Bien qu’un semblant de son manque d’enthousiasme parût dans sa voix, l’homme fit tout pour ne pas laisser paraître qu’ils étaient pressés ; après tout, les énigmes que la jeune enfant lui présentait n’avaient jamais été particulièrement difficiles. Jamais totalement évidentes, mais jamais retorses non plus.

 

Soit il s’agissait vraiment d’un jour de malchance, soit la jeune enfant en question avait réellement décidé de se mettre aux énigmes d’un niveau supérieur. Il ne fallut au gentleman que quelques minutes, mais ce fut apparemment trop long : lorsqu’Emmy regarda la montre à son poignet une fois le champ libre pour eux deux, elle ne put réprimer un faible cri de désespoir.

 

Il était onze heures, vingt-neuf minutes et seize secondes très exactement.

 

*

*       *

 

Les deux poulains qui s’étaient retrouvés sans le vouloir dans un univers qui n’était pas le leur se trouvaient sur le moment face au redoutable inspecteur Chelmey, qui les dévisageait à la fois avec incrédulité, méfiance et comme un semblant de supériorité.
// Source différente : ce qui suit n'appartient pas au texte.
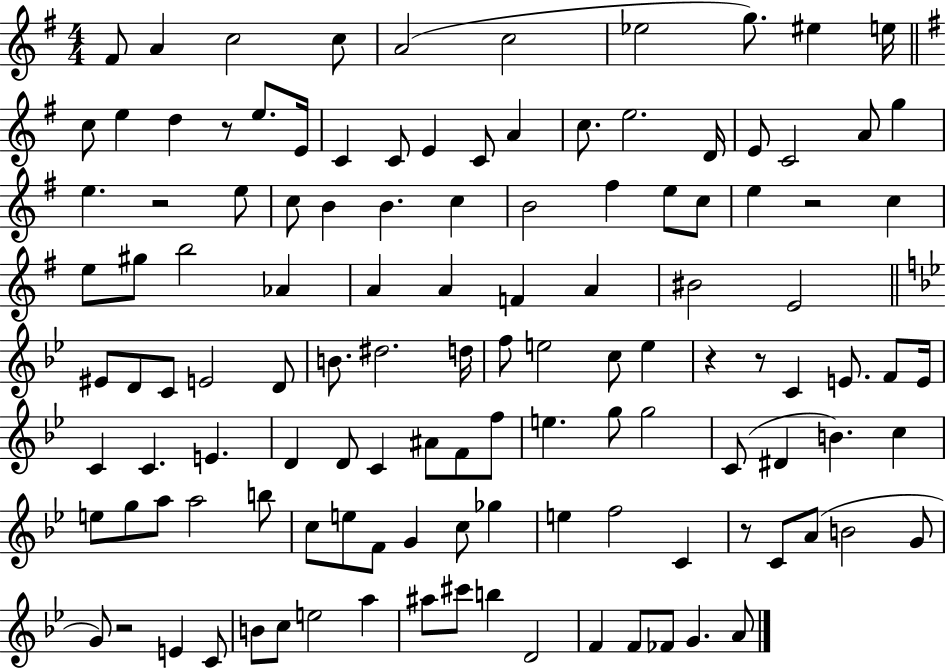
X:1
T:Untitled
M:4/4
L:1/4
K:G
^F/2 A c2 c/2 A2 c2 _e2 g/2 ^e e/4 c/2 e d z/2 e/2 E/4 C C/2 E C/2 A c/2 e2 D/4 E/2 C2 A/2 g e z2 e/2 c/2 B B c B2 ^f e/2 c/2 e z2 c e/2 ^g/2 b2 _A A A F A ^B2 E2 ^E/2 D/2 C/2 E2 D/2 B/2 ^d2 d/4 f/2 e2 c/2 e z z/2 C E/2 F/2 E/4 C C E D D/2 C ^A/2 F/2 f/2 e g/2 g2 C/2 ^D B c e/2 g/2 a/2 a2 b/2 c/2 e/2 F/2 G c/2 _g e f2 C z/2 C/2 A/2 B2 G/2 G/2 z2 E C/2 B/2 c/2 e2 a ^a/2 ^c'/2 b D2 F F/2 _F/2 G A/2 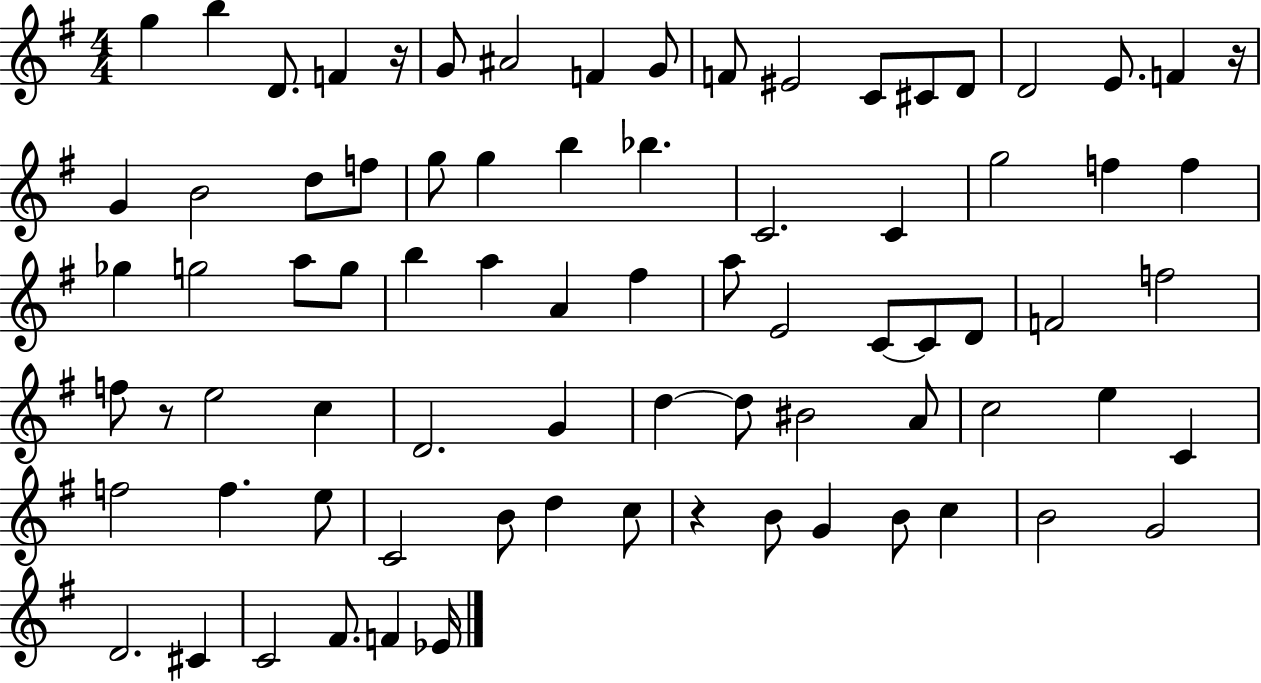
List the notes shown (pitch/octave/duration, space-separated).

G5/q B5/q D4/e. F4/q R/s G4/e A#4/h F4/q G4/e F4/e EIS4/h C4/e C#4/e D4/e D4/h E4/e. F4/q R/s G4/q B4/h D5/e F5/e G5/e G5/q B5/q Bb5/q. C4/h. C4/q G5/h F5/q F5/q Gb5/q G5/h A5/e G5/e B5/q A5/q A4/q F#5/q A5/e E4/h C4/e C4/e D4/e F4/h F5/h F5/e R/e E5/h C5/q D4/h. G4/q D5/q D5/e BIS4/h A4/e C5/h E5/q C4/q F5/h F5/q. E5/e C4/h B4/e D5/q C5/e R/q B4/e G4/q B4/e C5/q B4/h G4/h D4/h. C#4/q C4/h F#4/e. F4/q Eb4/s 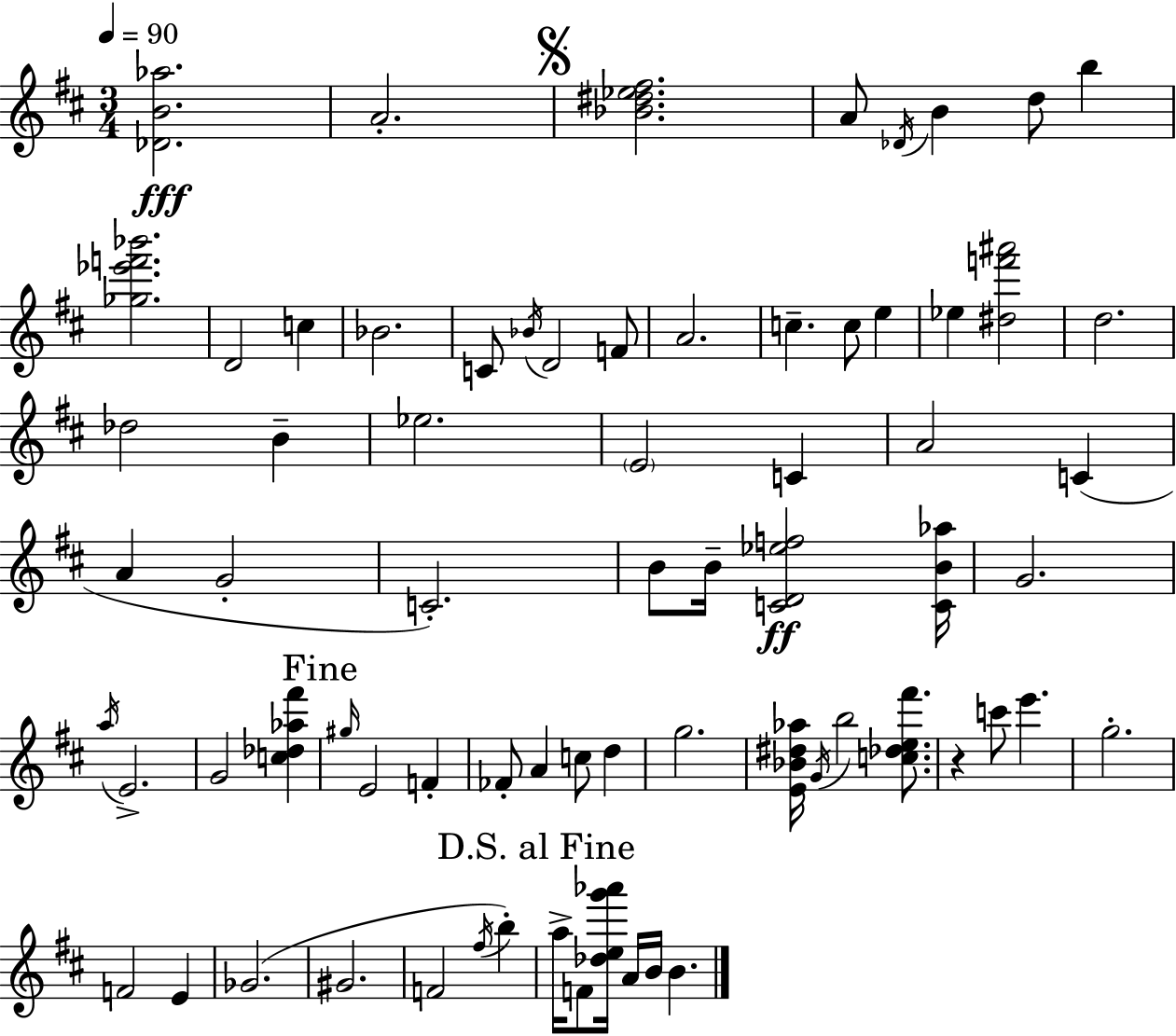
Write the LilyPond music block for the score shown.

{
  \clef treble
  \numericTimeSignature
  \time 3/4
  \key d \major
  \tempo 4 = 90
  <des' b' aes''>2.\fff | a'2.-. | \mark \markup { \musicglyph "scripts.segno" } <bes' dis'' ees'' fis''>2. | a'8 \acciaccatura { des'16 } b'4 d''8 b''4 | \break <ges'' ees''' f''' bes'''>2. | d'2 c''4 | bes'2. | c'8 \acciaccatura { bes'16 } d'2 | \break f'8 a'2. | c''4.-- c''8 e''4 | ees''4 <dis'' f''' ais'''>2 | d''2. | \break des''2 b'4-- | ees''2. | \parenthesize e'2 c'4 | a'2 c'4( | \break a'4 g'2-. | c'2.-.) | b'8 b'16-- <c' d' ees'' f''>2\ff | <c' b' aes''>16 g'2. | \break \acciaccatura { a''16 } e'2.-> | g'2 <c'' des'' aes'' fis'''>4 | \mark "Fine" \grace { gis''16 } e'2 | f'4-. fes'8-. a'4 c''8 | \break d''4 g''2. | <e' bes' dis'' aes''>16 \acciaccatura { g'16 } b''2 | <c'' des'' e'' fis'''>8. r4 c'''8 e'''4. | g''2.-. | \break f'2 | e'4 ges'2.( | gis'2. | f'2 | \break \acciaccatura { fis''16 } b''4-.) \mark "D.S. al Fine" a''16-> f'8 <des'' e'' g''' aes'''>16 a'16 b'16 | b'4. \bar "|."
} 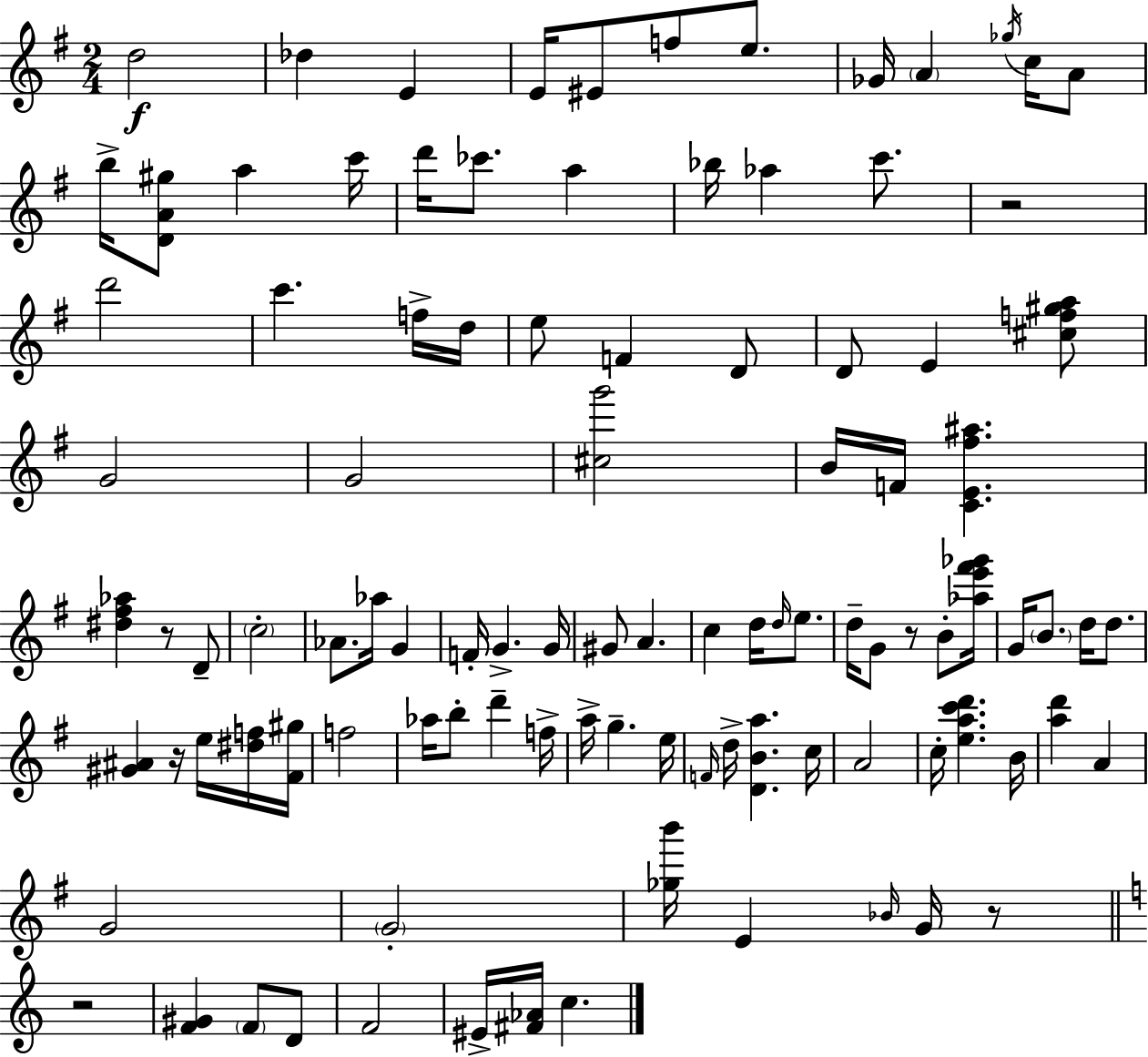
X:1
T:Untitled
M:2/4
L:1/4
K:G
d2 _d E E/4 ^E/2 f/2 e/2 _G/4 A _g/4 c/4 A/2 b/4 [DA^g]/2 a c'/4 d'/4 _c'/2 a _b/4 _a c'/2 z2 d'2 c' f/4 d/4 e/2 F D/2 D/2 E [^cf^ga]/2 G2 G2 [^cg']2 B/4 F/4 [CE^f^a] [^d^f_a] z/2 D/2 c2 _A/2 _a/4 G F/4 G G/4 ^G/2 A c d/4 d/4 e/2 d/4 G/2 z/2 B/2 [_ae'^f'_g']/4 G/4 B/2 d/4 d/2 [^G^A] z/4 e/4 [^df]/4 [^F^g]/4 f2 _a/4 b/2 d' f/4 a/4 g e/4 F/4 d/4 [DBa] c/4 A2 c/4 [eac'd'] B/4 [ad'] A G2 G2 [_gb']/4 E _B/4 G/4 z/2 z2 [F^G] F/2 D/2 F2 ^E/4 [^F_A]/4 c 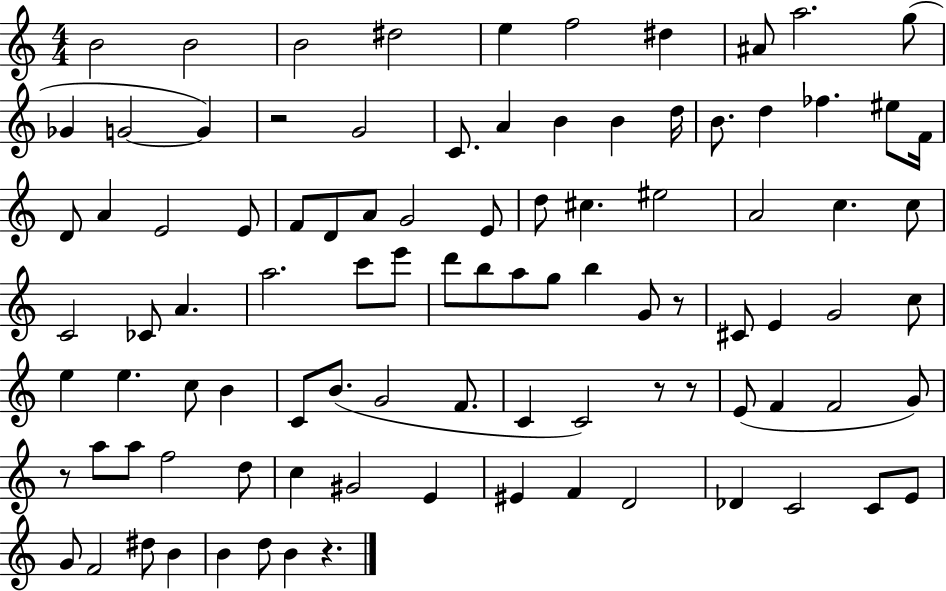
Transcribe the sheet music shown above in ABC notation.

X:1
T:Untitled
M:4/4
L:1/4
K:C
B2 B2 B2 ^d2 e f2 ^d ^A/2 a2 g/2 _G G2 G z2 G2 C/2 A B B d/4 B/2 d _f ^e/2 F/4 D/2 A E2 E/2 F/2 D/2 A/2 G2 E/2 d/2 ^c ^e2 A2 c c/2 C2 _C/2 A a2 c'/2 e'/2 d'/2 b/2 a/2 g/2 b G/2 z/2 ^C/2 E G2 c/2 e e c/2 B C/2 B/2 G2 F/2 C C2 z/2 z/2 E/2 F F2 G/2 z/2 a/2 a/2 f2 d/2 c ^G2 E ^E F D2 _D C2 C/2 E/2 G/2 F2 ^d/2 B B d/2 B z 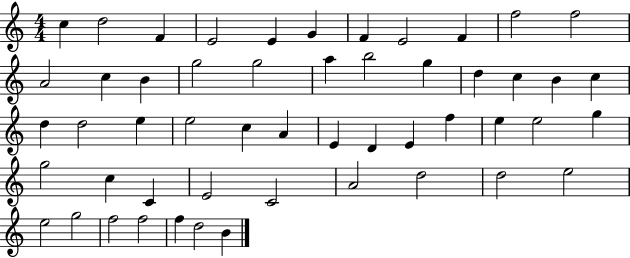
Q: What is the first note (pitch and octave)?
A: C5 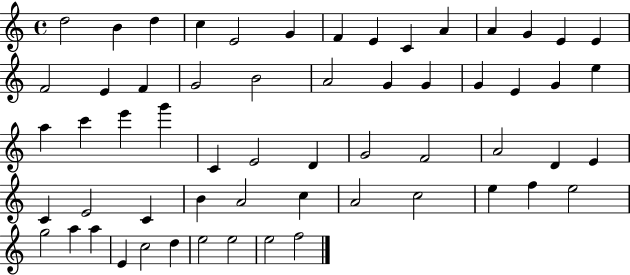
D5/h B4/q D5/q C5/q E4/h G4/q F4/q E4/q C4/q A4/q A4/q G4/q E4/q E4/q F4/h E4/q F4/q G4/h B4/h A4/h G4/q G4/q G4/q E4/q G4/q E5/q A5/q C6/q E6/q G6/q C4/q E4/h D4/q G4/h F4/h A4/h D4/q E4/q C4/q E4/h C4/q B4/q A4/h C5/q A4/h C5/h E5/q F5/q E5/h G5/h A5/q A5/q E4/q C5/h D5/q E5/h E5/h E5/h F5/h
Le bureau de l’agent ne contenait en tout que quatre personnes : l’inspecteur lui-même, son acolyte Barton qui, bien que ne se faisant pas entendre, regardait la scène d’un air aussi actif qu’à son habitude, et enfin les deux suspects en plein interrogatoire. Une fois de plus, leurs petites voix aigües vinrent plaider leur innocence face aux questions autoritaires des forces de l’ordre ; Luke osa même aller jusqu’à demander à l’adulte pourquoi ils étaient accusés – sans aucune preuve – d’un crime qu’ils n’avaient pas commis, et dont surtout ils ignoraient jusqu’à l’existence – lorsqu’ils s’étaient subitement fait encercler par des créatures bipèdes étranges qu’ils n’avaient jamais vues jusqu’alors, personne ne leur avait même expliqué la raison pour laquelle ils étaient arrêtés. Mais l’inspecteur était complètement certain de ses conclusions hâtives, et laissait paraître sur son visage une expression qui exprimait clairement : « Quoi que vous disiez, je ne suis absolument pas dupe. »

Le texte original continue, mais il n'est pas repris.